Es todo lo que supe de este abuelo que no solo condenó a la miseria a toda una familia, sino que, habiendo enviudado cuando conoció a mi abuela Berta, le ocultó que tenía un hijo de un anterior matrimonio.

No tengo idea de por qué este hecho causó tal escándalo. Vaya uno a saber las dimensiones que puede llegar a tener un hijo escondido y un restaurante quemado para que los pertenecientes a las generaciones futuras jamás escuchemos mencionarlo ni tener foto alguna ni nada y, menos aún, enterarnos de que su familia, los Abraham, fueron llevados a campos de exterminio en junio de 1944.

Nadie de mi familia jamás me contó que había varios Abraham en Transilvania. Quizá esta haya sido la razón por la que mi padre, al escuchar que había encontrado a su papá, me miró extrañado y me preguntó si había pasado algún percance al verme tan agitado.

En fin, lo agarré del brazo, lo llevé al cementerio y le presenté a su padre. Miró el monolito; no dijo nada; rodeó la piedra con sus brazos; me dijo con una sonrisa: “Mi papá”.

Así conocí a mi abuelo, y él, por lo visto, a su padre.

Hace cinco años, en esta misma fecha, el 3 de abril, pero de 2015, cuatro días antes de morir, el día de su cumpleaños, en su casa, acompañado por mi hija, mi esposa y mi nieto, fuimos a saludarlo, y este gigante cansado y con tantas ganas de morir, sin poder hacerlo, me miraba con esa expresión intensa, sabía hablar con los ojos, sin ganas de nada más que de morir.

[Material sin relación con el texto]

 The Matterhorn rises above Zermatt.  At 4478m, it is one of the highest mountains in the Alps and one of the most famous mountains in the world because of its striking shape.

Al aproximarme, porque veía que no tomaba la sopa y cerraba los ojos durmiéndose sobre el plato, tomé la cuchara para acercársela y lograr unos sorbos, le di un papelito para que lo leyera: “94”. Estaba escrito el número de su cumpleaños. Y lo aplaudimos. Lo leyó y me dijo: “Sobran años”.

Estaba viviendo de más. Se agotó. Hombre de energía descomunal, no quería más y lo logró cuatro días después cuando, finalmente, pudo ver a mi madre de vuelta de su prolongada internación por un ACV que la dejó despierta a la vez que inconsciente por otros cinco años. La esperó un largo mes; la besó; lloró junto a ella teniéndola de la mano mientras mi madre lo miraba sin reconocerlo y, un rato después, se fue a su cuarto; se le paró el corazón y recibió la muerte.

Me acerqué al sofá en el que estaba con la boca abierta; le cerré los ojos y le dije: “Por fin, papá”.

Hablamos con mi padre de tantas cosas que tenían que ver con la vida que imagino que Rumania no era parte de esa conversación porque nada vivo había quedado allí.

No quiero decir que este Retorno sea un viaje a la muerte a pesar de los millones de muertos que lo rodean, sino algo así como una averiguación de antecedentes que de nada servirán para diseñar una identidad, o sí, quién lo sabe.

Nací en Timisoara; mi madre también nació en Timisoara. La ciudad, capital del Banato, era una ciudadela turca, un frontón ante cualquier avanzada contra los otomanos, que, como ya lo dijimos, junto con Sofía y Buda, eran las ciudadelas turcas más importantes hasta fines del siglo XVI.

De 1552 a 1716, el Banato fue parte del Imperio otomano. Banato viene de ban , ‘jefe, aquel que preside la administración de una región’. El 13 de octubre de 1716, se izó la bandera blanca en la ciudadela de los turcos. La victoria de los Habsburgo se debió al príncipe Eugenio de Savoy. Sobrino de Luis XIV, nace en París en 1663; tiene vínculos familiares con la Casa de Habsburgo. Leopoldo I, emperador del Sacro Imperio romano-germánico, rey de Hungría y Bohemia, archiduque de Austria, le ordena detener al sultán Mustafá en su marcha hacia Transilvania. La victoria de los Habsburgo en 1697 inicia una contraofensiva, que culmina cuando le encomiendan la conquista de la ciudadela de Timisoara en el Banato.